Weniger Sinn macht das Surface 3 für die, die anspruchsvolle PC-Spiele im Sinn haben. Natürlich lassen sich theoretisch alle PC-Spiele – etwa aus der eigenen Steam-Bibliothek – nutzen. Dank DirectX 12 Unterstützung ist die Cherry Trail GPU auch grundsätzlich dazu in der Lage aktuelle Titel darzustellen. Aber selbst ältere Titel wie das ehrwürdige Left 4 Dead 2 sind nur in minimalen Detailstufen und auf 720p überhaupt in spielbare Regionen von 30 – 40 FPS zu bekommen. Das ist natürlich aller Ehren wert und im Zweifel besser als nichts, aber für den Preis eines Surface 3 sind deutlich leistungsfähigere Gaming-Rechner möglich.

5. Für wen ist das Surface 3 die richtige Wahl?

Obige Situationen zeigen ganz klar, wo das Surface 3 seine Stärken und Schwächen hat. Ob das Surface 3 das richtige Gerät für einen ist, hängt sehr davon ab, was man erwartet. Je spezifischer die Bedürfnisse sind, desto eher ist ein Spezialgerät immer noch die bessere Wahl. Wer wirklich nur auf der Couch gemütliche Games spielen oder auf Facebook surfen will, der greift weiterhin zu iPads & Co. Und wer den ganzen Tag intensive Officearbeiten und Textverarbeitung erledigen muss, der kommt um eine vollwertige Laptop-Tastatur nicht umhin.

Sobald die Anforderungen aber vielfältiger werden, beginnt das Surface 3 zu glänzen. Es ist vielseitiger und praktischer als ein iPad und gleichzeitig mobiler als die meisten Laptops. Für mich jedenfalls kann das Surface 3 mein iPad Mini völlig ersetzen. Beim Notebook täte ich mich hingegen noch etwas schwerer. Zuhause greife ich für wirklich anspruchsvolle lange Textarbeiten doch lieber zur herrlichen Tastatur meines Macbooks. Aber unterwegs ist das Surface 3 kaum zu schlagen. Egal ob mobiles Arbeiten in der Bahn, entspanntes Filmegucken auf dem Hotelzimmer oder schneller Zugriff auf Dokumente als Lesetablet: Überall würde ich das leichte und kompakte Surface 3 den anderen Geräte vorziehen. Damit bleibt im  Grunde das gültig, was ich eingangs sagte: Das Surface 3 ist natürlich wieder einmal ein Gerät, das vieles ein bisschen, aber nichts wirklich besser kann. Anders als seine Vorgänger, kann das Surface 3 aber mittlerweile so vieles so gut, dass die Entscheidung sehr viel leichter fällt, als noch bei den Vorgängern.

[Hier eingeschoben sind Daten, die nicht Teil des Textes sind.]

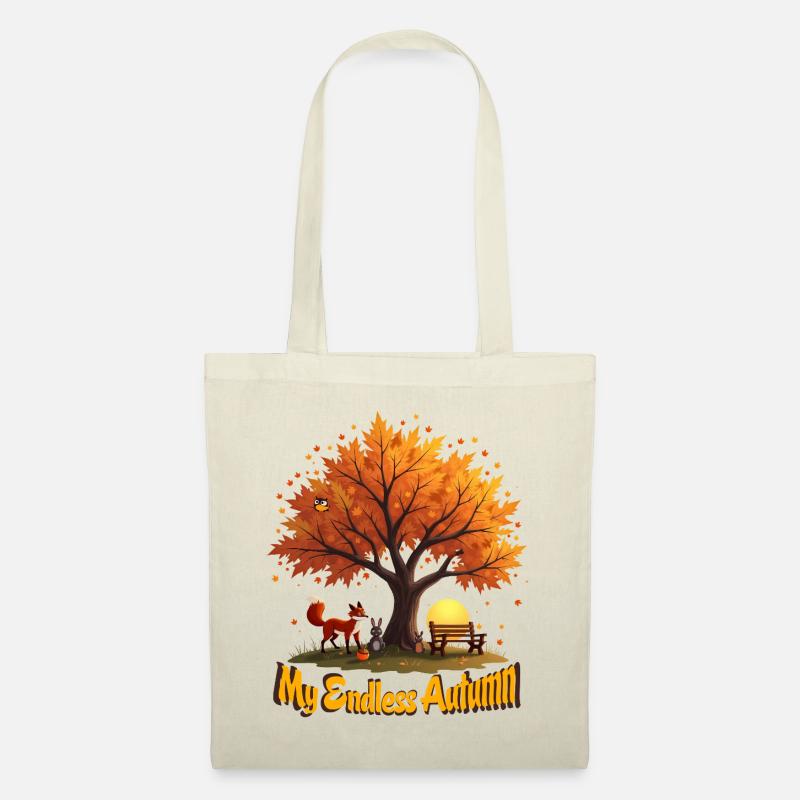 Mein endloser Herbst - Stoffbeutel - Natur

Das Surface 3 ist trotz der Zahl im Namen allerdings auch ein First-Generation-Produkt. Es ist das erste 10 Zoll Surface mit echter x86 Architektur und normalem Windows. Und dafür macht Microsoft erstaunlich viel richtig. Die Hardware ist erstklassig, das Typecover überzeugt trotz der flachen Bauweise und dank Windows 10 ist auch der Tablet-Betrieb auf einem guten Weg. Insoweit kann ich das Surface 3 problemlos jedem empfehlen, der sich in den oben beschriebenen Misch-Szenarien wiederfindet.

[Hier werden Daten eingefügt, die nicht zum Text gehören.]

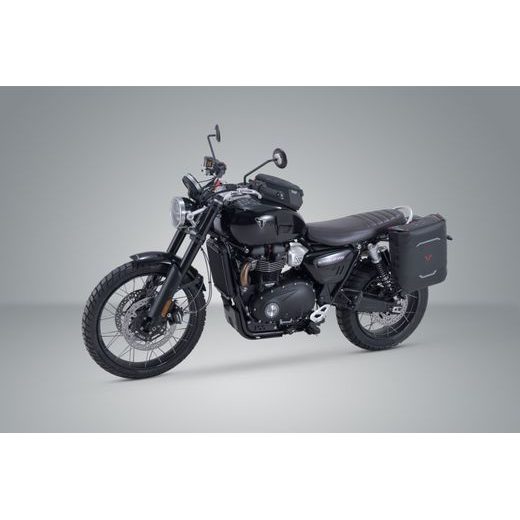 SW MOTECH SIDE BAG WP SYSTEM V-LOC 16 L. SCRAMBLER 1200 XC/XE (18-), X/XE (23-).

Trotzdem ist klar, was Microsoft bei einem Nachfolger besser machen muss: Ein – derzeit noch spekulatives – Surface 4 muss vor allem leichter werden, um im Wettkampf gegen reine Tablets bestehen zu können. Es muss aber gleichzeitig auch schneller werden und vor allem den trägen eMMC Speicher durch schnellen Flashspeicher ersetzen. Zusätzlich darf Microsoft dem Nachfolger gern einen leistungsfähigeren Akkulademechanismus und vielleicht einen weiteren USB-Port spendieren. Dass all das auch passieren wird, dürfte wahrscheinlich sein: Der aktuelle Vertreter aus der Pro Serie (das Surface Pro 4) ist schließlich schon genau diesen Weg gegangen: Schneller, dünner, leichter! Mit diesen Aussichten sägt Microsoft mit dem Surface 3 mittelfristig ohne Zweifel an den Stühlen von klassichen Notebooks als auch Tablets. Aber auch hier und jetzt kann ich wenig finden, was gegen die Anschaffung eines Surface 3 spricht. Wer den hohen Preis für seine Einsatzzwecke rechtfertigen kann, bekommt mit dem Surface 3 das aktuell wohl beste Allround-Gerät: Einen flexiblen mobilen Rechner, ein tolles Multimedia-Tablet und einen gelungenen Desktop-Ersatz! In Richtung Redmond kann ich daher nur sagen: Well done, Microsoft!